An Investigative Panel authorized a full investigation on March 18, 2005. Respondent received a Notice of Full Investigation on March 22, 2005. Respondent failed to respond to the Notice of Full Investigation within thirty (30) days. Respondent submitted he did not believe he was required to respond to the Notice of Full Investigation as he had responded to the Chief of Investigation’s prior inquiry.
While investigating Client A’s complaint, ODC received a complaint against respondent from Client B. Client B complained respondent failed to pay taxes of $1,149.89 due to the South Carolina Department of Revenue relating to a real estate transaction on October 16, 2003. Payment of the taxes was to be made from the net proceeds of the real estate transaction. Respondent’s failure to pay the taxes caused financial harm to Client B.

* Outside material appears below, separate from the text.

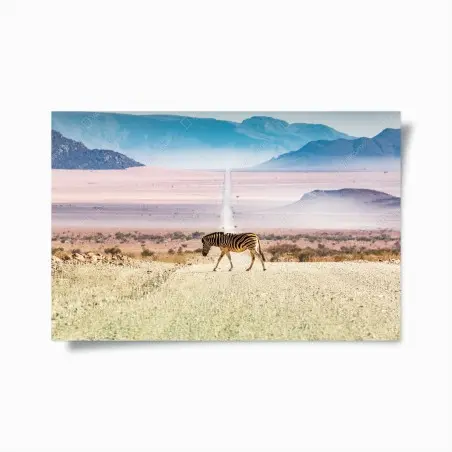 Plakat zebra na pustynnej drodze – Wallissimo®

The original check payable to the tax authority, dated October 16, 2003, was located in Client B’s file. Respondent expressed his desire to immediately make restitution to Client B. Respondent sent an apology to Client B on May 27, 2005 and, on June 10, 2005, he sent Client B a certified check as full reimbursement.
During interviews with ODC, respondent acknowledged another client matter wherein a real estate closing occurred, but respondent failed to pay a tax authority. In this matter, respondent closed a real estate transaction for Client C on June 12, 2001, but failed to pay taxes of $2,240.00 to the South Carolina Department of Revenue. The taxes were to be paid from the proceeds of the real estate transaction. Respondent paid the outstanding taxes, plus interest, in June 2005.
Trust Account Matters
ODC requested respondent provide his law firm’s financial records from 2000 through 2005. During this period of time, respondent maintained two trust accounts. Respondent admits he failed to comply with most requirements of the recordkeeping provisions of Rule 417, SCACR, since the rule’s adoption on January 1, 1997. In particular, since 1997, respondent failed to reconcile the two trust accounts and failed to identify the majority of client funds deposited into the two trust accounts by failing to place a client name or file number on the deposit tickets. Respondent admits that, from 1997 to the present, he was unable to identify the clients whose monies were in his trust accounts or identify a client’s existing fund balance at any given time.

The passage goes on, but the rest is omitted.